"They served as a passage between Montaigne's world, a world of belief and misplaced conviction, and our world, the world of reliable and effective knowledge." -- David Wootton, The Invention of Science, p. 565
This is an astounding contention: before science, human beings had no "reliable knowledge"! Our ancestors weren't sure whether planting seeds or stones would grow wheat. When they went to hunt deer, they didn't know if they should put arrowheads or fur on the end of their arrows. If they were thirsty, they were uncertain if they should ingest water or sand. When freezing, sometimes they put on furs, but other times they laid down naked in the snow: who knew which would work?
In our world of "reliable knowledge," how is it that a man as smart as Wootton can believe such rubbish?

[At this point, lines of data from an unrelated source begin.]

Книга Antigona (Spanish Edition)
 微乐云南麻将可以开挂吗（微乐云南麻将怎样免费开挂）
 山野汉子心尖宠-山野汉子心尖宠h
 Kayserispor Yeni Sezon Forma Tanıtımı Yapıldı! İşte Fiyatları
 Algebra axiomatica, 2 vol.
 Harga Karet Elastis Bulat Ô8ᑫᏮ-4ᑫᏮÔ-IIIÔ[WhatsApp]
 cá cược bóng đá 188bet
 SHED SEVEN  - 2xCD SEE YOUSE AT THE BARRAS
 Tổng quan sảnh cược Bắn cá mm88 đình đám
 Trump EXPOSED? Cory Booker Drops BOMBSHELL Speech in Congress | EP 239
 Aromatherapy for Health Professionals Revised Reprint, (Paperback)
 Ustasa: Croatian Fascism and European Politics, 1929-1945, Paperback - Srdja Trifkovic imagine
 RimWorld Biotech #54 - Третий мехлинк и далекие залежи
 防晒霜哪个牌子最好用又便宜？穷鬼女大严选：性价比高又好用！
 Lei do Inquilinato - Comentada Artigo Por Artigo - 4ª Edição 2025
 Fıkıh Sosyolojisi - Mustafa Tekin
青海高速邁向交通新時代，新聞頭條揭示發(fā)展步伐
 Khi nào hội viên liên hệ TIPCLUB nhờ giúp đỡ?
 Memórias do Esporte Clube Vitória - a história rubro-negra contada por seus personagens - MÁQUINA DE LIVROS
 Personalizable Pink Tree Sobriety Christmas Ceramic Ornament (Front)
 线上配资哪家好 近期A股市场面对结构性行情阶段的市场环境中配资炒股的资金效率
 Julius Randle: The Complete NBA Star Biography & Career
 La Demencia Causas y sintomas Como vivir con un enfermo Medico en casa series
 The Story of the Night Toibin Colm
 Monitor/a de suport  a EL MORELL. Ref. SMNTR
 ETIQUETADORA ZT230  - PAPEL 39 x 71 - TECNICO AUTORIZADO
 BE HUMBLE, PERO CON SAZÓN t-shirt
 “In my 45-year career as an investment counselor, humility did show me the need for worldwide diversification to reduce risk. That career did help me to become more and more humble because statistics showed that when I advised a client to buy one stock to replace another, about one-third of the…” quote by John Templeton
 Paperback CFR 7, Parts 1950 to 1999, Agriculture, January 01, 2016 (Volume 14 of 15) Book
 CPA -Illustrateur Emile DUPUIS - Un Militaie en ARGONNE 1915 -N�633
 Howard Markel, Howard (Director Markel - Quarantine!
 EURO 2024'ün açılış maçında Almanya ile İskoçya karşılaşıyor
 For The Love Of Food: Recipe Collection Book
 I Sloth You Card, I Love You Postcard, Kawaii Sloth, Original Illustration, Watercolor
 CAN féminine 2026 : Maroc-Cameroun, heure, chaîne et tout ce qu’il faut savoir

He does provide examples of extremely fanciful beliefs our forebears held, for example, that garlic negates the power of magnets. But, as Wootton himself notes, before the compass, magnets were rarely encountered and of no practical import. To place this in perspective, for people before 1400 or so, magnets were like conservatives are to Park Slope progressives today: they have heard rumors that such things exist, but they never have and never expect to encounter them. Thus, if you go to a wine party in Park Slope and inform the guests that conservatives teach their children to shoot by age four, so that they can pick off women entering abortion clinics, your audience will nod in appreciation of your exotic knowledge.